Non-believers may find the sections on bible verses relating to homosexuality a little tiresome. If you’re of the opinion that a creator of the universe should have used clear, concise and unambiguous language to communicate his ideals to his creations, rather than using obscure rhetoric and archaic and impossible to satisfactorily translate words like arsenokoitai; you may find the wrestling for context and meaning in scriptures an exercise in pointlessness. Nevertheless, Lee’s theological reasoning is carefully thought out and plausibly presented, and may be of value to the unpersuaded believer.
People of more liberal families and cultures may find the intricate detail of Lee’s story a little self-obsessed. This is to miss the point that the extraordinary thing is that the topic of the book is of any great relevance at all. The problem stems from the need religions have to have bogeymen to rail against, and gay people have taken the place of those of other faiths in recent years.
It can be hoped that Unconditional will persuade fence-sitters to give the issue more thought and for congregations to come to be more welcoming to their gay brethren. It’s doubtful that the book will persuade any former Christians who have renounced their faith to come back into the fold. Whilst Lee consistently describes loss of faith as a “tragedy”, for many it is emancipating and liberating.
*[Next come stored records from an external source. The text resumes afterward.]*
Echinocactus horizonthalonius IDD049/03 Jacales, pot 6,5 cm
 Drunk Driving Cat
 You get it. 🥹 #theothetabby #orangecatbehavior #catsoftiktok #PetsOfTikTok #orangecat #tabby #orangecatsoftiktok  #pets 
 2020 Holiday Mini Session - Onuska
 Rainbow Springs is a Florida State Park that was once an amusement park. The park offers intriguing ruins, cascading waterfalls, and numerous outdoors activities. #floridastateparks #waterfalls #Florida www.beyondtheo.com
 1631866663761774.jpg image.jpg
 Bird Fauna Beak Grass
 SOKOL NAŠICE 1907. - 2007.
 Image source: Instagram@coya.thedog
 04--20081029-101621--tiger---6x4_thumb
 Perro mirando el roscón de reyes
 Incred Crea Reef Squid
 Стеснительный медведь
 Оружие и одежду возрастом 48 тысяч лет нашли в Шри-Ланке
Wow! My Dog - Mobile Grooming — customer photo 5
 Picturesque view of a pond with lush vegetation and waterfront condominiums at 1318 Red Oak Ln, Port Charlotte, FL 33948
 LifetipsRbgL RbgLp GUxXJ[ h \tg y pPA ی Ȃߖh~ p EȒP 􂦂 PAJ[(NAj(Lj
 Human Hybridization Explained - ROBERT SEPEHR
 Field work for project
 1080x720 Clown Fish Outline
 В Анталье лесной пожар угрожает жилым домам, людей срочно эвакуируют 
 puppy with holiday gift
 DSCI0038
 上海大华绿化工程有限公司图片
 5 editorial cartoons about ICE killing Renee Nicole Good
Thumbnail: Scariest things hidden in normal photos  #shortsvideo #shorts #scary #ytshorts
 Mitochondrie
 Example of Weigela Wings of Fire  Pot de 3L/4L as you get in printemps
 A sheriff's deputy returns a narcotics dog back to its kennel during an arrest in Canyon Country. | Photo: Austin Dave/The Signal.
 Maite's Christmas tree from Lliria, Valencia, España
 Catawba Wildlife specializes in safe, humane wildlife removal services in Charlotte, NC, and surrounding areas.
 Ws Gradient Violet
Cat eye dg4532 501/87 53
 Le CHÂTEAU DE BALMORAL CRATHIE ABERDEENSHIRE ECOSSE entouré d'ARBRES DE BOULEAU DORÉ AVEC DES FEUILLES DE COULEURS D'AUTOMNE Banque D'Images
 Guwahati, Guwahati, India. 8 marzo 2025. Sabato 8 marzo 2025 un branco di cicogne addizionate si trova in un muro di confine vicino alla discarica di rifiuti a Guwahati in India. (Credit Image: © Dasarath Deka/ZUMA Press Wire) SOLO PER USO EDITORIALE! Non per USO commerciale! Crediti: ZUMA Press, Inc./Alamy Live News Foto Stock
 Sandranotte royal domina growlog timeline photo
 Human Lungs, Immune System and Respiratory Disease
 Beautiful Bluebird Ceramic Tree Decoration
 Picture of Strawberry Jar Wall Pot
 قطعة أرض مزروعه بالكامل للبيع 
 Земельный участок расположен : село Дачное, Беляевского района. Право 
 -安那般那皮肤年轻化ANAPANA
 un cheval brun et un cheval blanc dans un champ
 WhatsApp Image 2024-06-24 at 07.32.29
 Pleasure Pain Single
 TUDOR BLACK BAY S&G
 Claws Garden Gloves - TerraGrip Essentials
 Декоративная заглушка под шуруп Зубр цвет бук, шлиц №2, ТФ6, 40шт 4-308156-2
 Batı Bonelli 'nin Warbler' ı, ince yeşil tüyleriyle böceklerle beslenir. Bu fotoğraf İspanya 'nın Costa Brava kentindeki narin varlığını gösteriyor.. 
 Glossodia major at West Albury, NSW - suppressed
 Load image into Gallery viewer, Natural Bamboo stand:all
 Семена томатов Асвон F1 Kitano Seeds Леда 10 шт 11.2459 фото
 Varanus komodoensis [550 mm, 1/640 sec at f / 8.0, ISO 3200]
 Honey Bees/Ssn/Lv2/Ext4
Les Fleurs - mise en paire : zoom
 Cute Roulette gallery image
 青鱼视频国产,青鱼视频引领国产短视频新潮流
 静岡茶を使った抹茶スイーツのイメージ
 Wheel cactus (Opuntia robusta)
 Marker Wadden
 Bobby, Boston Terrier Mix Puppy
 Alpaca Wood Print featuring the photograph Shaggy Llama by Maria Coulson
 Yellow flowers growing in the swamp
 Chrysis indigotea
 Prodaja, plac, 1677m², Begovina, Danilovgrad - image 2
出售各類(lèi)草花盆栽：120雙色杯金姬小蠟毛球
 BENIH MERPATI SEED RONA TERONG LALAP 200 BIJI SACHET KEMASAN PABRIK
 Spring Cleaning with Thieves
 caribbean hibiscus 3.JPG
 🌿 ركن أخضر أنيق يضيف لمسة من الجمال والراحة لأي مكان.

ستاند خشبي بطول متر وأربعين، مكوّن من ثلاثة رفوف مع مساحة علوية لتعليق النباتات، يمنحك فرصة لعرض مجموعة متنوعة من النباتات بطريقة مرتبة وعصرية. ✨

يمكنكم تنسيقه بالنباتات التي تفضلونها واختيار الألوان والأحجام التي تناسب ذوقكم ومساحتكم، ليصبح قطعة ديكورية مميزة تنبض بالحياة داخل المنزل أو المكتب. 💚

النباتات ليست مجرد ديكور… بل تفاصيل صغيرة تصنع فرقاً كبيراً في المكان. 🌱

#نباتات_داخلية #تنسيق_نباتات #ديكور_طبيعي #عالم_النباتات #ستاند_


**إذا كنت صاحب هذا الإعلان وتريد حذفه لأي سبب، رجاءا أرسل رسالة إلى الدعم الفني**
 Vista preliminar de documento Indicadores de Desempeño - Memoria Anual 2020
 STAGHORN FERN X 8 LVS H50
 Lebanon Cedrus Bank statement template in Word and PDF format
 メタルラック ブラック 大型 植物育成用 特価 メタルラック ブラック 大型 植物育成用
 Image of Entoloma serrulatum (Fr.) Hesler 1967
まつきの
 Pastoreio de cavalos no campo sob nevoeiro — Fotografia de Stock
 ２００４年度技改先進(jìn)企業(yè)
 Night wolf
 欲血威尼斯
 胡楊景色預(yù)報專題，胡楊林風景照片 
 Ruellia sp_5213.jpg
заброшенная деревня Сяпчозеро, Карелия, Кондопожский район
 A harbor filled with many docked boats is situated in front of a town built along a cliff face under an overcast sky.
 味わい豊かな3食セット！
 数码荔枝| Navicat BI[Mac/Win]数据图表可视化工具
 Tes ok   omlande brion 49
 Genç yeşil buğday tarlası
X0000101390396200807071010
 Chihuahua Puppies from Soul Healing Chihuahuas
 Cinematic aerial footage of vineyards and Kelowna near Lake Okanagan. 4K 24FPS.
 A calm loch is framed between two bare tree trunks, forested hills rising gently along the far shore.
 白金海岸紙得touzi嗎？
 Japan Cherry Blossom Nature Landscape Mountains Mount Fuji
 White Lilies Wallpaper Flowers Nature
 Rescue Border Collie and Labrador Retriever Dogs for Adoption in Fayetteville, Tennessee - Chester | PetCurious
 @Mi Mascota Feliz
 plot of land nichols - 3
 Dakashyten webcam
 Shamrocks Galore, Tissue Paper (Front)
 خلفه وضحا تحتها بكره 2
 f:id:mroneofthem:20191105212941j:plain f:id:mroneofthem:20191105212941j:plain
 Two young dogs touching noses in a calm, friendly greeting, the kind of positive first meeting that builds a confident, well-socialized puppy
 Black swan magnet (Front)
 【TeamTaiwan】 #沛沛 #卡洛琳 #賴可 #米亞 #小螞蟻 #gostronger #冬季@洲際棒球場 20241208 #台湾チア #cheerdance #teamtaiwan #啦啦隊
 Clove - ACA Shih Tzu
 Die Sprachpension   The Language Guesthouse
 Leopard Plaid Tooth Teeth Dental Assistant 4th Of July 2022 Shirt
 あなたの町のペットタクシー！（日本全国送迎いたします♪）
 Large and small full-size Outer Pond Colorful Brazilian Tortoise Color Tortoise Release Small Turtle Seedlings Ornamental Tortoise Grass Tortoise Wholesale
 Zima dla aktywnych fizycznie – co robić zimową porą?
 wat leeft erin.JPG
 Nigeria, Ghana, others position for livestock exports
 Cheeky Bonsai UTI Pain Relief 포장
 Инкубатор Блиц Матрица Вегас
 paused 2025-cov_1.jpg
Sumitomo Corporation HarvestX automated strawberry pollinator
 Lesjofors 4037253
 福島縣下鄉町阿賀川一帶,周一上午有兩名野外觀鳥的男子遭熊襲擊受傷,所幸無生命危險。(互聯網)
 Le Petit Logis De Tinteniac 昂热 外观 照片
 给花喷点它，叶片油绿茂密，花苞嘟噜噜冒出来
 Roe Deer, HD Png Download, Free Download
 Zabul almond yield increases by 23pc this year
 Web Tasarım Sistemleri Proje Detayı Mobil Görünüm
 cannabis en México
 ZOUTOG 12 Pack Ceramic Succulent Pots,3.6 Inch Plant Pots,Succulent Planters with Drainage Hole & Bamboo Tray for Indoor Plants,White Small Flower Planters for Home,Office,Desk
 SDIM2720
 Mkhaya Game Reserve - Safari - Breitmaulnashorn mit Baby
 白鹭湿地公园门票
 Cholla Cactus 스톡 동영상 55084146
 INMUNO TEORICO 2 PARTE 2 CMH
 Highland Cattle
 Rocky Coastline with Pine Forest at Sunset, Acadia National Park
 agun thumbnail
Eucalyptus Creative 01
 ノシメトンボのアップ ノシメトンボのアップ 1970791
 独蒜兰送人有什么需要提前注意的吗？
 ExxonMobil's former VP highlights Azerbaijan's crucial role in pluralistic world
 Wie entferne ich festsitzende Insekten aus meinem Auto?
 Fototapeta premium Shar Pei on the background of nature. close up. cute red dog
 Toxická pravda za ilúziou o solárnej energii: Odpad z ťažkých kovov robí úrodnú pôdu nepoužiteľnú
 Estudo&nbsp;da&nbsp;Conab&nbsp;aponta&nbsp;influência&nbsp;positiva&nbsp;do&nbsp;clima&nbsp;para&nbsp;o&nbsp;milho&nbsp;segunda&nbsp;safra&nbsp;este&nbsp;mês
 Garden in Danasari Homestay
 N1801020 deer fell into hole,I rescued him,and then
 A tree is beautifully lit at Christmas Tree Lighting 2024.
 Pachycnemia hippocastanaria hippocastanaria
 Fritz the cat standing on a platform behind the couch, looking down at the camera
Conversely, staunchly conservative evangelicals, some of whom reject their gay children, are unlikely to demonstrate any seismic shift in their worldview, since they have form in not responding positively to reasoned argument and evidence.
What Unconditional does is to hold out an olive branch to both parties, lays out the issue with a keen eye for detail, and encourages dialogue. It’s a noble stance that can only be applauded. It’s time to see how the Christian hierarchy reacts. Rowan Williams, the former Archbishop of Canterbury is quoted welcoming the book, yet he was silent about gay rights and the intolerance of his church when in power. Whether the two sides can ever be reconciled remains to be seen (gay couples now legally marrying within the Church of Sweden is certainly a step in the right direction), but Justin Lee can rightly be regarded as instrumental in providing the resources and the inspiration for dialogue.